* The problem: Look below for the line containing "MDT Visucontrol 10-tum Täckram Vit glas" and the line containing "5G EZ5TE-S682ML＋ダイワ　16 リーガル2506H-DH_2"; repeat exactly those two lines and all lines between them, and nothing else.

# # # # # # #

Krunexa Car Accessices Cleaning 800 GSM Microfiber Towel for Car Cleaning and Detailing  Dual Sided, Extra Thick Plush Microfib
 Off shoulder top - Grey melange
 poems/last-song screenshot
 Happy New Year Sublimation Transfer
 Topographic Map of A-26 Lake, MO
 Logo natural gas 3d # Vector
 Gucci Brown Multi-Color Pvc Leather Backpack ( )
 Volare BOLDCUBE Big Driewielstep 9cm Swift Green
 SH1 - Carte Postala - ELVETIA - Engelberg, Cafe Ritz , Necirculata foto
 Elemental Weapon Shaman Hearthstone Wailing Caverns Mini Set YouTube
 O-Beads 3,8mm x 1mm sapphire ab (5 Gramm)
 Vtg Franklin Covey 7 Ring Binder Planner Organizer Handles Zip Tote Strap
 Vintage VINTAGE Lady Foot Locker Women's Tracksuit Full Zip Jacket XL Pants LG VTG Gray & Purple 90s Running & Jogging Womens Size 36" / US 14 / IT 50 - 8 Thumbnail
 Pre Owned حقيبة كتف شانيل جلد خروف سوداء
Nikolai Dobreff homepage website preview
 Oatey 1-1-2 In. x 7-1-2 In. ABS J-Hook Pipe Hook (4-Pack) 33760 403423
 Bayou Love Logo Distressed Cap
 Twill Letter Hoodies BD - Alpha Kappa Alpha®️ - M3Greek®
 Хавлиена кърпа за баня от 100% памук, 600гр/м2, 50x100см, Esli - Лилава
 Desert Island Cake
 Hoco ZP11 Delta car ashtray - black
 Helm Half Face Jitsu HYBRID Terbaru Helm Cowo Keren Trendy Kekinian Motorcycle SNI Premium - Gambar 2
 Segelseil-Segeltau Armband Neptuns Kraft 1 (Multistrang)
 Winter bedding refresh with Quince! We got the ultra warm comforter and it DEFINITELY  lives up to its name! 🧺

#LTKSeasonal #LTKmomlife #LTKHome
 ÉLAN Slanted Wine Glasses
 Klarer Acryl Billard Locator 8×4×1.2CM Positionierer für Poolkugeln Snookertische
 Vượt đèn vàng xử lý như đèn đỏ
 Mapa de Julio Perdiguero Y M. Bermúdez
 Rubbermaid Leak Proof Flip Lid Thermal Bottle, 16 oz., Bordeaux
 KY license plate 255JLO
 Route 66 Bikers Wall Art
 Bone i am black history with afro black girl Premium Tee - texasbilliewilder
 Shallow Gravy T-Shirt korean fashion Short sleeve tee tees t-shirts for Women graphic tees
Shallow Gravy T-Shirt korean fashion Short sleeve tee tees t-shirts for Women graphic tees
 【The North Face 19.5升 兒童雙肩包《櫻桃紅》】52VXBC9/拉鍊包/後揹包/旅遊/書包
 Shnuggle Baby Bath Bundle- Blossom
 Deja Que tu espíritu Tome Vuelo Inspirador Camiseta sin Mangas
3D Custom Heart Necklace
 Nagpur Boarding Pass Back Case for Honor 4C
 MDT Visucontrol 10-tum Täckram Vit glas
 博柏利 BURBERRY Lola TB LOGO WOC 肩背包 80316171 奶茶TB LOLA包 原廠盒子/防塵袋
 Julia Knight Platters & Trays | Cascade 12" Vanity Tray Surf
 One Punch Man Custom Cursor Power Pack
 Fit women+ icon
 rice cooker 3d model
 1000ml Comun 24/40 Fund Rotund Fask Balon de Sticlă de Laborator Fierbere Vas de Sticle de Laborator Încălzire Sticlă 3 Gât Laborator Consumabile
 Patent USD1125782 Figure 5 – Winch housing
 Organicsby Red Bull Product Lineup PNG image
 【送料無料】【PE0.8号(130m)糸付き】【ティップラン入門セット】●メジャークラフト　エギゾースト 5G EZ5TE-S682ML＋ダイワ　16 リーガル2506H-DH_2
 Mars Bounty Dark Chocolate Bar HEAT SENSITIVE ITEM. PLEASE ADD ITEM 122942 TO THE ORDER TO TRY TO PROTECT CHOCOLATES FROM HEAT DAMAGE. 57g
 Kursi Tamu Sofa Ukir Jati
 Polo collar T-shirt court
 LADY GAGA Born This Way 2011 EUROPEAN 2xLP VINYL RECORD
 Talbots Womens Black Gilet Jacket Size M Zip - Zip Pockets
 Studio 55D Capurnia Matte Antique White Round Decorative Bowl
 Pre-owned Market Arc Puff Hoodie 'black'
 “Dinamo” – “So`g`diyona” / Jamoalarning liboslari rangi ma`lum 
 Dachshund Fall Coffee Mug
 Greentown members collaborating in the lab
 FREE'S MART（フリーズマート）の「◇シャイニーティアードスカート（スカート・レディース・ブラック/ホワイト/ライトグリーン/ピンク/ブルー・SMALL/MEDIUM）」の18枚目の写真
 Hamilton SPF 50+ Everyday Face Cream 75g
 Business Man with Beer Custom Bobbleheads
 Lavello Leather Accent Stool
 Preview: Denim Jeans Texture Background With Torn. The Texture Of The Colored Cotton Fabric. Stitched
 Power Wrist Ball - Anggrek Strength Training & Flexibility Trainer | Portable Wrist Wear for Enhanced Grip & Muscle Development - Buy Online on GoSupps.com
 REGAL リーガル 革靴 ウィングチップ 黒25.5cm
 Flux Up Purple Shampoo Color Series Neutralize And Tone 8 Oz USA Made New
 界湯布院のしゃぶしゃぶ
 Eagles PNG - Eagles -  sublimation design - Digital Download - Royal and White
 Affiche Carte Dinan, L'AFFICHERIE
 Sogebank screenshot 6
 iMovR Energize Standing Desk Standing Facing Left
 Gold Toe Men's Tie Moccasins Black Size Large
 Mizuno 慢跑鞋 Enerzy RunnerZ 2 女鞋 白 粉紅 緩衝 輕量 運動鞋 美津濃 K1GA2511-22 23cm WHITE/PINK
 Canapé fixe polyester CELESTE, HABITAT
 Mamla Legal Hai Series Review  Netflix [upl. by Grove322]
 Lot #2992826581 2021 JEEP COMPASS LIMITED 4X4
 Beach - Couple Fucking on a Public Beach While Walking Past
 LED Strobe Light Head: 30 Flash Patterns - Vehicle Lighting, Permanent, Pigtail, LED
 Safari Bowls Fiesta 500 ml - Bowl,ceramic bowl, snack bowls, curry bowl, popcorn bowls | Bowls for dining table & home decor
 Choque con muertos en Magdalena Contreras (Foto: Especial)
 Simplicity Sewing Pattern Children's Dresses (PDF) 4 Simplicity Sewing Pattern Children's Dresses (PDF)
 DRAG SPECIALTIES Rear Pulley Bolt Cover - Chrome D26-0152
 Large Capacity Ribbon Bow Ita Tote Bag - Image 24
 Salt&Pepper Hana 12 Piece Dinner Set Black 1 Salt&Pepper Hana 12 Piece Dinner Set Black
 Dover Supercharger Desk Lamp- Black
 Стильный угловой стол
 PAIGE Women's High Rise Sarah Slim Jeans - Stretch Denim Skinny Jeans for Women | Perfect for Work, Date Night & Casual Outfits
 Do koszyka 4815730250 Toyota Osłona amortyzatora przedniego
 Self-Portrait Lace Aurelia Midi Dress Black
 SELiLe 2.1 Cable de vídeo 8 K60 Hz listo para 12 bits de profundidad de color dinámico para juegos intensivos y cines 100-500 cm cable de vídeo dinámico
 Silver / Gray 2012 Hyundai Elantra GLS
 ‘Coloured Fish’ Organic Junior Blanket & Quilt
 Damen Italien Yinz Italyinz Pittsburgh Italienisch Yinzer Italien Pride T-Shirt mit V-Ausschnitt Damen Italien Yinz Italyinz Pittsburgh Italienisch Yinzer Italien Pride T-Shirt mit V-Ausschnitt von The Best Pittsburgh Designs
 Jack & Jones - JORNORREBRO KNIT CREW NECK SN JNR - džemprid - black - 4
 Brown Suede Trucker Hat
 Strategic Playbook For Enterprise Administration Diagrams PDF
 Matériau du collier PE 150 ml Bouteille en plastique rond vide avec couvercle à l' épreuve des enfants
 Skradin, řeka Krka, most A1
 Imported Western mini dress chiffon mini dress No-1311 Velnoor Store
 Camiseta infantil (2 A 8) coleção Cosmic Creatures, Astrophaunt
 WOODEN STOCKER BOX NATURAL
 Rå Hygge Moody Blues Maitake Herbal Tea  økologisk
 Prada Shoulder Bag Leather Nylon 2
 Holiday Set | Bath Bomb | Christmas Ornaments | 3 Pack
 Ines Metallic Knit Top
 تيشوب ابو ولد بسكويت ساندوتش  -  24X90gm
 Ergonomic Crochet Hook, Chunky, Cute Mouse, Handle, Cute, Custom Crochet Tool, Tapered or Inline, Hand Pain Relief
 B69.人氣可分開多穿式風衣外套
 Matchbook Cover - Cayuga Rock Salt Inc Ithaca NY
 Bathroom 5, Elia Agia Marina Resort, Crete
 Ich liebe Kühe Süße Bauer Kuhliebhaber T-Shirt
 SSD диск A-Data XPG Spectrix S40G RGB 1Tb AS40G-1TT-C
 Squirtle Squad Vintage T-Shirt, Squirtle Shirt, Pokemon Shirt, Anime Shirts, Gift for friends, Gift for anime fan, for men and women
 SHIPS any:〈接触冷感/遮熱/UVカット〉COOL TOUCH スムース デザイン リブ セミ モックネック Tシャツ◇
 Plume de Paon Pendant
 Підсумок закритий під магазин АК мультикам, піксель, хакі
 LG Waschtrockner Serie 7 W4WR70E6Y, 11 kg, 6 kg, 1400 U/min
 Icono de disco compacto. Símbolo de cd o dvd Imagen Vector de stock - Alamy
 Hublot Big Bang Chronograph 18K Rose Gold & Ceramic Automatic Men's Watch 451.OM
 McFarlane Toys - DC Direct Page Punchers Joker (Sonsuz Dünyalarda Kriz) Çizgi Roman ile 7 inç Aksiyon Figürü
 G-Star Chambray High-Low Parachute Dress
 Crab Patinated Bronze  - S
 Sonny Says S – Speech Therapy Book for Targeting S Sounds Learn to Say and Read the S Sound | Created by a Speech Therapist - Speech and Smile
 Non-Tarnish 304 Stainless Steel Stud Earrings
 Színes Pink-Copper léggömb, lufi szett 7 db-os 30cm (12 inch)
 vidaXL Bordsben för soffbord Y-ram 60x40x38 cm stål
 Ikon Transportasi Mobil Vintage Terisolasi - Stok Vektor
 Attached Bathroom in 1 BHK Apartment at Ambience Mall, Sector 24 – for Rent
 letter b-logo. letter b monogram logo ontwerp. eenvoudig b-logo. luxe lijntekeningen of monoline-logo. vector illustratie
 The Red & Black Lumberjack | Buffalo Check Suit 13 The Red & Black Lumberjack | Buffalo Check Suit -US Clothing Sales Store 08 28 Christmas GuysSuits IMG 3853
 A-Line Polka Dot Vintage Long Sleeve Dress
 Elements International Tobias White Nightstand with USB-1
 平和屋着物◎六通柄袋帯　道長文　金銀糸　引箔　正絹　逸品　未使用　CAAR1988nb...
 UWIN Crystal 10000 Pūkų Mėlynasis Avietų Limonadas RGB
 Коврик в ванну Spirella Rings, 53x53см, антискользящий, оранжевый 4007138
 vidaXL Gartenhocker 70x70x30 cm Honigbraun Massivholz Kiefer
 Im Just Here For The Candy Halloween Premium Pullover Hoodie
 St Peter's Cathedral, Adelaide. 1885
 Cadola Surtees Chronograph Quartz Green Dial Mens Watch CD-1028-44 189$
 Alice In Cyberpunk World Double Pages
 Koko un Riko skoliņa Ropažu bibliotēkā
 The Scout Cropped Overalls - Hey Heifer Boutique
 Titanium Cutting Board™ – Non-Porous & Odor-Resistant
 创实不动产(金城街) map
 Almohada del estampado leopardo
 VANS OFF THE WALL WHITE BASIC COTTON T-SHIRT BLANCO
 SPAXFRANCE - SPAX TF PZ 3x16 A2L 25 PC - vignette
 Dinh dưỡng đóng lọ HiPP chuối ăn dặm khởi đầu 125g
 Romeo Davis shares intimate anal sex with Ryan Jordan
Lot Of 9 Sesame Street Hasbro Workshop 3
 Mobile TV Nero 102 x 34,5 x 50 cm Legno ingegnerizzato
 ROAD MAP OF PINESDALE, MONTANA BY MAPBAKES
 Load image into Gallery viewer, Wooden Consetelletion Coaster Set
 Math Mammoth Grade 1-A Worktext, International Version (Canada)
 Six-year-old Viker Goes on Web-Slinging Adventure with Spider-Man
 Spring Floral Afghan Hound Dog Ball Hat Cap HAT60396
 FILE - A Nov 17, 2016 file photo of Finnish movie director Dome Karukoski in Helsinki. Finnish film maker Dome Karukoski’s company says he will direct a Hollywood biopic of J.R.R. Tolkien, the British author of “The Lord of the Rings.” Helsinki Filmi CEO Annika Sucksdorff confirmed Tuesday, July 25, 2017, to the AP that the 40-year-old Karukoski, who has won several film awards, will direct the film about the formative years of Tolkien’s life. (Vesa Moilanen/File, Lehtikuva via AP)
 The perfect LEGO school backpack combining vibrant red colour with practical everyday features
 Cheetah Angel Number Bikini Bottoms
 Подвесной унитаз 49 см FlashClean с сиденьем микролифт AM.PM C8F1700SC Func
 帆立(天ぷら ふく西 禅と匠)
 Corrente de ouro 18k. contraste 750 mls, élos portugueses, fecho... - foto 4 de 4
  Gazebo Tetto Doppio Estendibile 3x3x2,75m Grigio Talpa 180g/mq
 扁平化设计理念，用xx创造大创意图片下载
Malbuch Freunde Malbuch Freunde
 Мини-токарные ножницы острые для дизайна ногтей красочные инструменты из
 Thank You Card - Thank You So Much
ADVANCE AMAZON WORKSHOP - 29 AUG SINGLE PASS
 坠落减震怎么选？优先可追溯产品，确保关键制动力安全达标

# # # # # # #

* Solution for this problem:
 MDT Visucontrol 10-tum Täckram Vit glas
 博柏利 BURBERRY Lola TB LOGO WOC 肩背包 80316171 奶茶TB LOLA包 原廠盒子/防塵袋
 Julia Knight Platters & Trays | Cascade 12" Vanity Tray Surf
 One Punch Man Custom Cursor Power Pack
 Fit women+ icon
 rice cooker 3d model
 1000ml Comun 24/40 Fund Rotund Fask Balon de Sticlă de Laborator Fierbere Vas de Sticle de Laborator Încălzire Sticlă 3 Gât Laborator Consumabile
 Patent USD1125782 Figure 5 – Winch housing
 Organicsby Red Bull Product Lineup PNG image
 【送料無料】【PE0.8号(130m)糸付き】【ティップラン入門セット】●メジャークラフト　エギゾースト 5G EZ5TE-S682ML＋ダイワ　16 リーガル2506H-DH_2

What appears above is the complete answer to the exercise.